Repeat every record exactly, but keep images out of the copy.

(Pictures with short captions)
══════
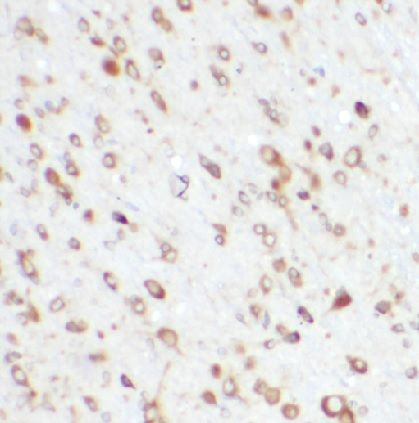 BBS1 Antibody - BSA Free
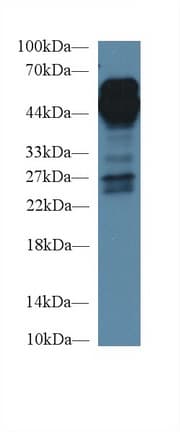 AGER / RAGE Antibody (aa91-366, Biotin)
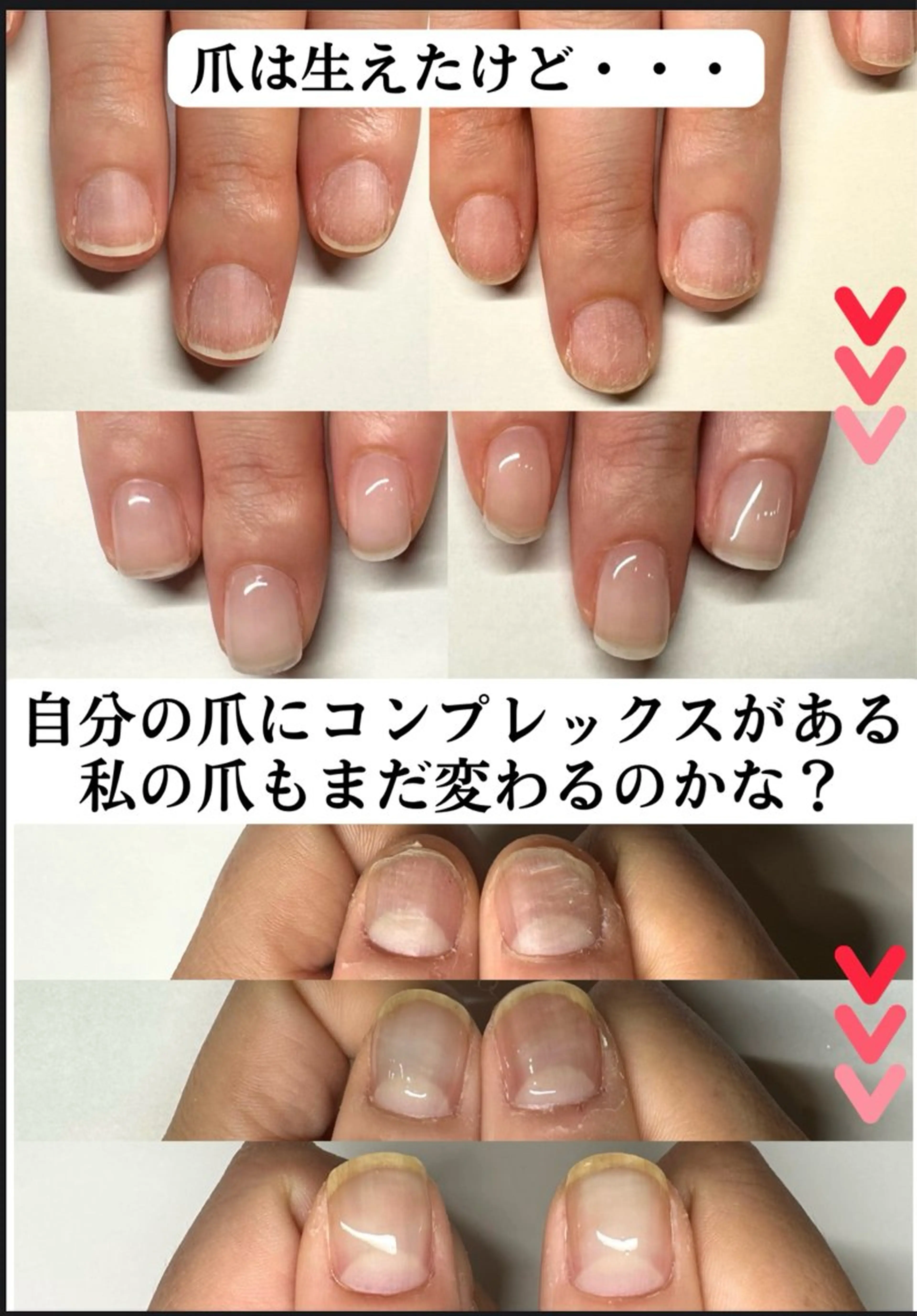 ネイル 深爪矯正専門店ネイルサロンKUU所属・ネイルサロン KUUのネイルデザイン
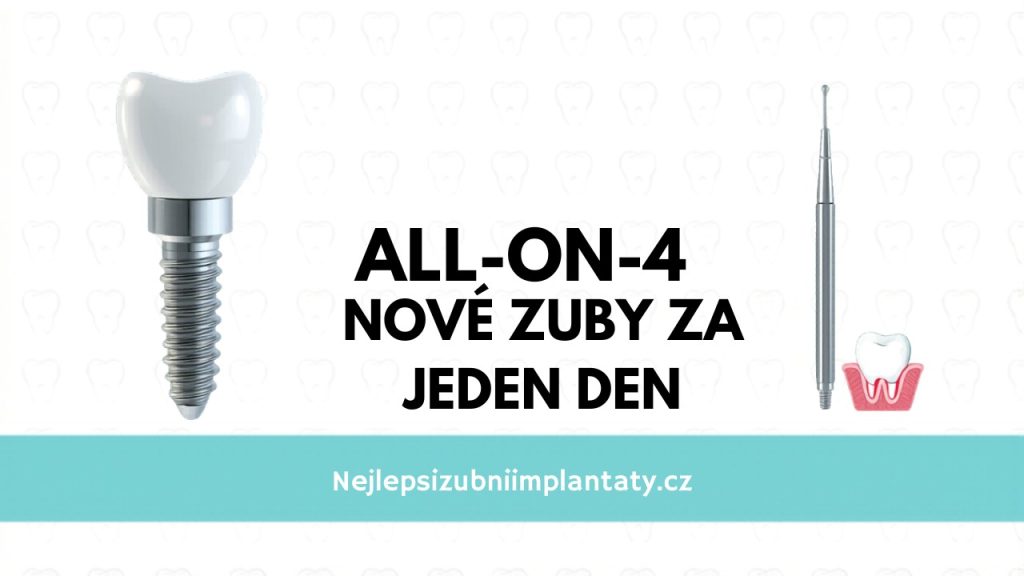 All on 4 nove zuby cena
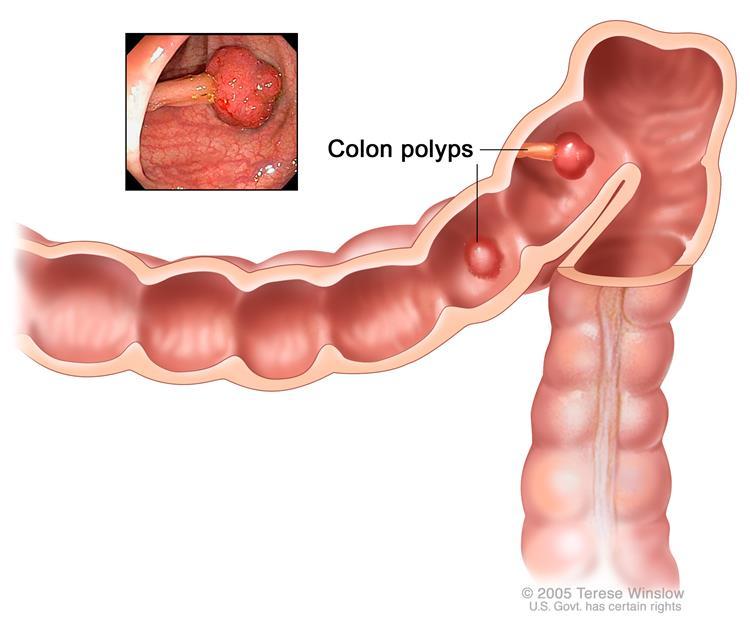 Hình ảnh minh hoạ và ảnh nội soi thật về polyp trong đại tràng.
══════
* **Problem solution**:
 BBS1 Antibody - BSA Free
 AGER / RAGE Antibody (aa91-366, Biotin)
 ネイル 深爪矯正専門店ネイルサロンKUU所属・ネイルサロン KUUのネイルデザイン
 All on 4 nove zuby cena
 Hình ảnh minh hoạ và ảnh nội soi thật về polyp trong đại tràng.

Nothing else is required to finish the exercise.